En la aclamada serie Billions el actor Paul Giamatti, ganador de dos Globos de Oro y un Emmy, interpreta al poderoso fiscal general de Nueva York que trata, de una forma casi obsesiva, de hacer que los grandes magnates, millonarios y tiburones financieros paguen por sus desmanes cometidos en el ámbito fiscal.

Billions es considerado el Juego de Tronos del mundo financiero, por la gran cantidad de personajes que hay, por sus complejas tramas y por los inesperados giros en las mismas. Y porque en esta serie, también, el que juega al juego y no gana, muere.

Giamatti pasó recientemente por Madrid para promocionar la serie, que acaba de renovar por una quinta temporada que llegará a las pantallas en 2020. Las cuatro primeras están disponibles en Movistar+.

El nominado al Óscar interpreta a un hombre en la cima del poder, látigo y castigo de los poderosos, sobre todo, y al menos al comienzo de la serie, de su archienemigo Bobby "Axe" Axelrod (Damian Lewis). Pero la serie tiene otra capa, la de la intimidad de estos personajes poderosos, la de su sexualidad.

Y la ficción original de Showtime se ha sumergido en todo tipo de modos de sentir las relaciones sexuales, no solo por las heterosexuales y homosexuales, sino que ha ido más allá, por ejemplo con Taylor (Asia Kate Dillon), un personaje de sexo no binario o por las escenas de sadomasoquismo. Y ahí es donde entra Paul Giamatti.

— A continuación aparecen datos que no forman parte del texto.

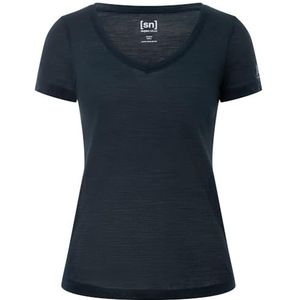 super.natural - SIERRA140 V-HALS - T-shirt - Zwart - Merinowol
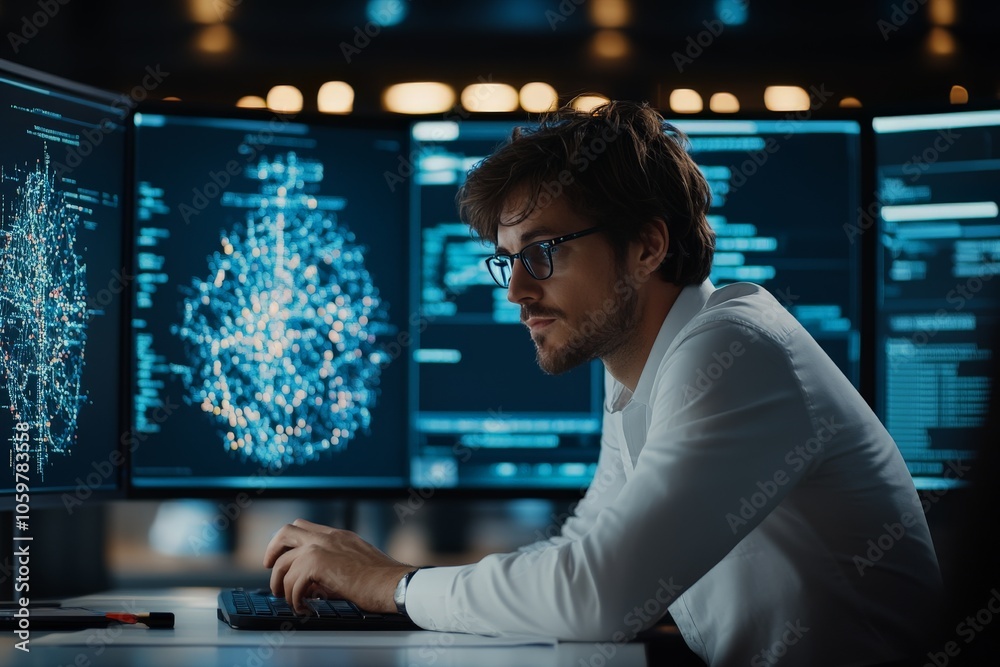Poster a dedicated software engineer is depicted programming on a neural network, surrounded by monitors sh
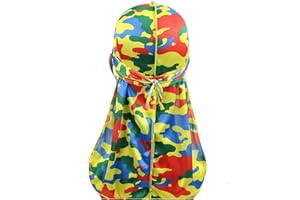 DaMohony Mens Militaire Camouflage Premium Durky Soyeux avec Longue Queue Coloré 360 Vagues Cap Hip-Hop Ton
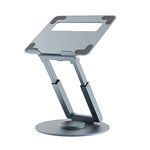 Krevia Foldable Laptop Stand | Aluminium Alloy Adjustable Tablet Holder with 360 Swivel Base Rotating Computer Stand | Swivel Desk Laptop Extension Stand MacBook Pro Air iPad Pro(Grey)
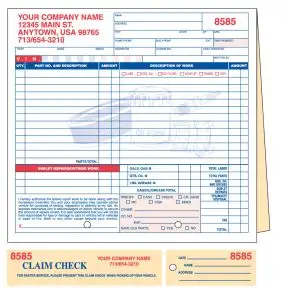 Compact Repair Order - 2 Part with Personalization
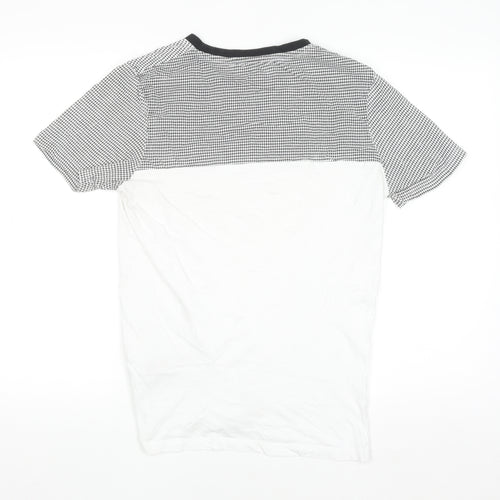 Fluid Men's Black and White Colourblock Crew Neck Cotton T-Shirt M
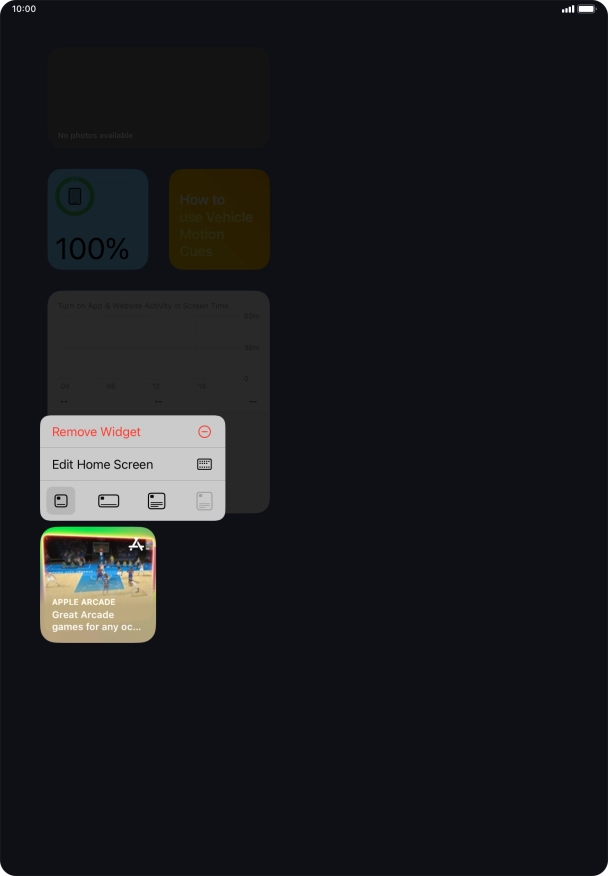 Press Remove Widget.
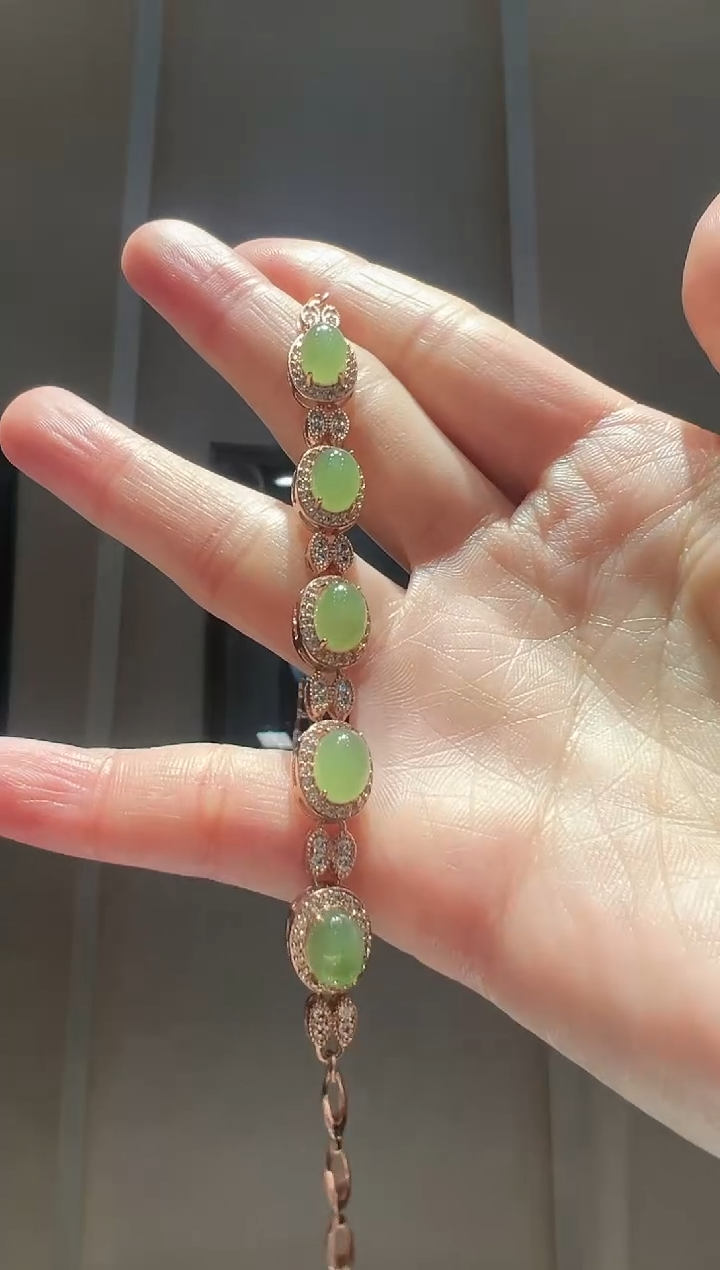 【闪购商品】和田玉（碧玉）手链银S925镶嵌9】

Pues Chuck Rhoades, el personaje de Paul Giamatti, practica sadomasoquismo con su mujer (Maggie Siff), como sumiso. ¿Cómo se siente uno cuando se enfrena a un guion con este tipo de escenas? "Cuando vi en el guion que tenía que interpretar escenas de sadomasoquismo me pareció que sería muy divertido. Y lo fue", dijo divertido el actor, que considera que estas escenas son una buena metáfora o resumen de la serie, "por el dominio y la sumisión que muestran".

Antes de rodar, se habla todo. "Hablo con Maggie, que es mi mujer en la serie y hablo con ella porque se hace más cómplice. Hablamos sobre lo que ella tiene que hacer, cosas del tipo vas a pisarme aquí o aquí"... explica el actor, que además hace ver que nunca están solos, pues hay siempre un asesor.

"Una de las cosas más delicadas fue una secuencia en la que empleábamos un aparato eléctrico y yo no sabía cómo hacer eso. Mi compañera me daba con el aparato, me picaba y no pasa nada, claro. Y yo tenía que decir "uy, uy, uy" y hacer ver que me daba calambre". ¿Y cómo se finge eso? Es fácil: asesorándose.

"En la mayoría de las ocasiones está el asesor, que te dice qué hay que hacer y cómo es la reacción que deberías tener para que sea lo más creíble posible sin pasar por la experiencia", revela el intérprete, nominado al Oscar por Cinderella Man.

Ya poco le queda por hacer a este actor multipremiado y considerado. "He hecho de todo, salvo pornografía y quién sabe"... bromeaba el actor con la prensa. Sin embargo, se ponía serio para recalcar una de las cosas realistas de la serie: "Los ricos y los poderosos se salen siempre con la suya", una injusticia que ocurre "tanto con el poder financiero como con el político, aunque más con el primero". Y ahora, con la figura de Trump sobrevolando la afirmación, "es más obvio que nunca, porque no hay ningún control sobre ellos".